Dienstag, 1. Mai 2012

Jenny



Aufgewachsen in Neuholland. – Wo ist das? – Tief im Osten. In der Nähe von Oranienburg. Dort Lehre als Köchin. Abgeschlossen. Aber hinterher sagte ihr Lehrherr, sie soll gucken, dass sie ihr Geld auf eine andere Art verdient, Kochen sei nicht ihr Ding. – Wie? – Na ja, ich kann schon kochen, aber ich werde es nie zu was bringen damit, meinte er. – Weil dir die Genialität fehlt. – Beim Kochen. – Sonst nicht? – Sie lacht. Nein, sonst nicht. Und als ich einmal die Seite wechsle beim Fotografieren und feststelle: Du hast zwei gute Seiten, da antwortet sie trocken: Nicht nur zwei.

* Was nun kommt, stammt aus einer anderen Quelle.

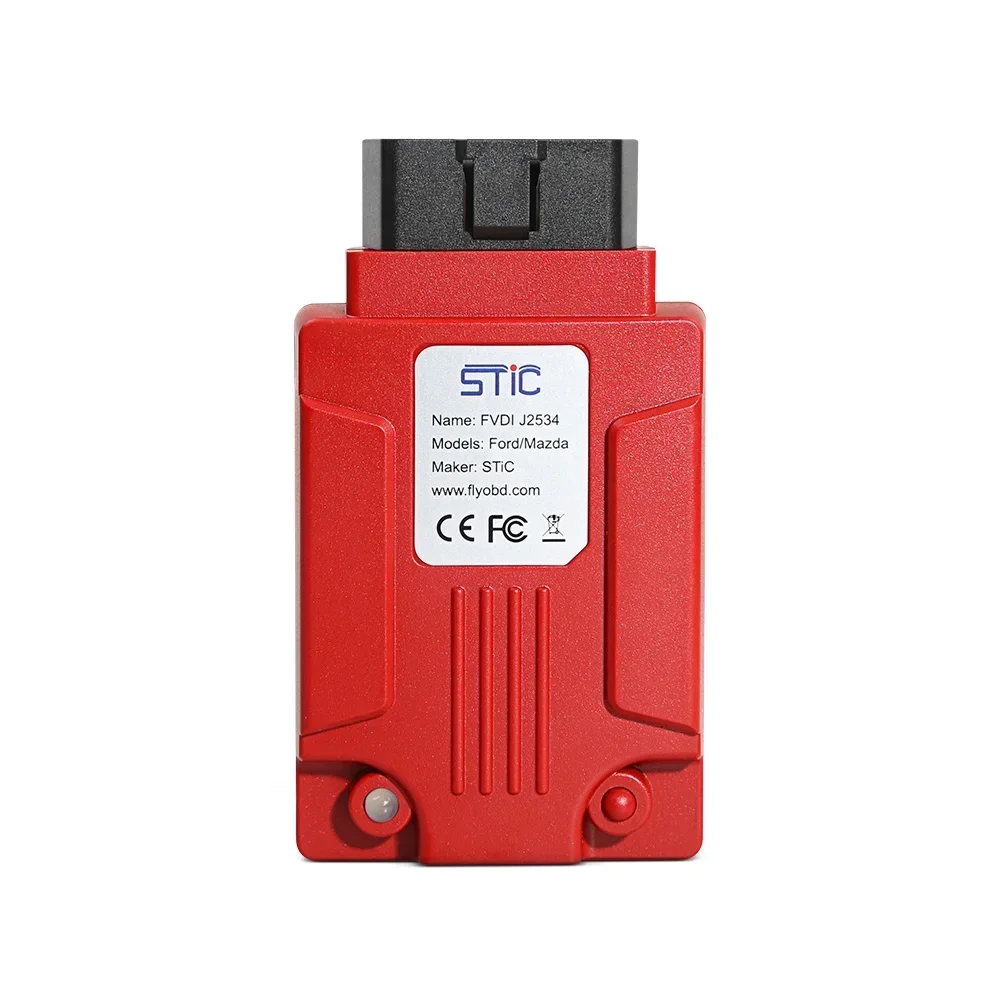 Newest SVCI J2534 Diagnostic Tool  V125 Support Online Module Programming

Sie ist dem Rat des Lehrherrn gefolgt, hat nur noch für sich gekocht und gearbeitet hat sie als Verkäuferin im Sportartikelfachhandel. Zuletzt bei Karstadt Sport in der Joachimstaler Straße. Und gewohnt in Schöneberg in der Grunewaldstraße, in einer Wohngemeinschaft, die sie gegründet hatte. In der WG wohnt sie immer noch und Grunewaldstraße ist wichtig für das, was dann geschah: Job bei Karstadt verloren. Arbeitsuchend und das zieht sich. Dem Hauswart zur Hand gegangen, auch geputzt, und dann sagt der Hauswart zu ihr eines Tages: In dem Laden schräg gegenüber, da suchen sie jemanden. Sie fragt: Was machen die da? – Er: Bilderrahmen. – Und sie: Damit kann man Geld verdienen? – Eine Woche zur Probe gearbeitet in dem Laden und schnell gemerkt: Das ist es. Das kann ich und das mache ich gerne. Der Laden: Art Rahmen, wo sie jetzt seit dreieinhalb Jahren arbeitet.

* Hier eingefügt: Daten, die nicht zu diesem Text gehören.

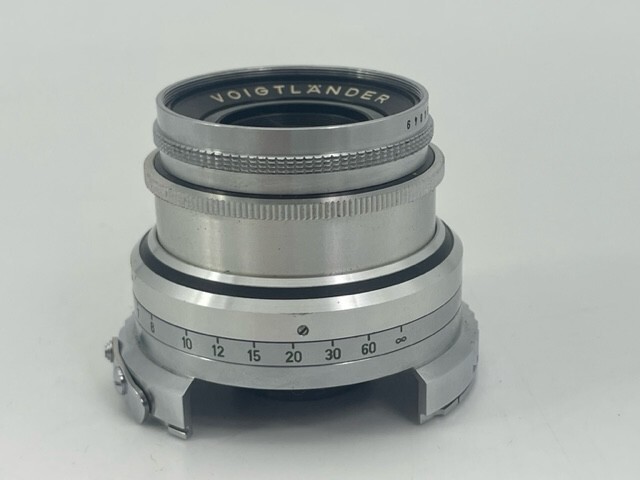 Voigtlander Dynaron 100mm f4.5 Prime Lens for Prominent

Wenn du in der U-Bahn mit jemandem ins Gespräch kommst und gefragt wirst, was du machst …  … dann sage ich, Bilder einrahmen. – Und weiter? – Weiter fragen die Leute dann nicht mehr.  

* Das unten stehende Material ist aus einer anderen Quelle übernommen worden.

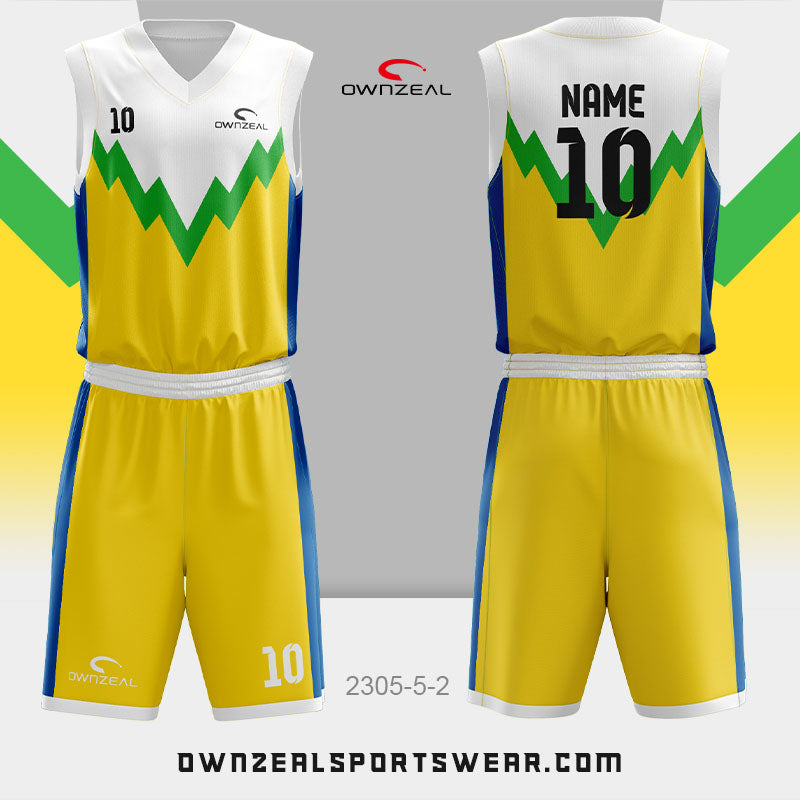 Customized Sublimation Basketball Uniform 096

Jennys Geschichte vom Bildereinrahmen ist, dass sie als Mädchen Dekorateurin werden wollte, aber ihre Mutter meinte, das soll sie sich aus dem Kopf schlagen, dazu seien ihre  Noten nicht gut genug. Darauf ist sie was geworden, was sie gar nicht werden wollte, und damit ging es ihr so, wie es vielen Leuten geht. Das, was sie nicht werden wollte, hat sie dann jedoch an einen Ort geführt, wo ihr eine Arbeit angeboten wurde, für die sie sich nur deshalb interessiert hat, weil sie in einer misslichen Lage war wegen der Arbeit, die ihr nicht so gelegen und auch nicht so gut gefallen hat. Anders wäre sie nie darauf gekommen, dass sie ein Talent hat für das Bildereinrahmen und wie viel Freude es ihr machen wird – weil sie nicht einmal wusste, dass es diese Arbeit gibt. Das ist ein großes Glück, das Jenny da hatte, und etwas, das nicht so vielen Leuten passiert. 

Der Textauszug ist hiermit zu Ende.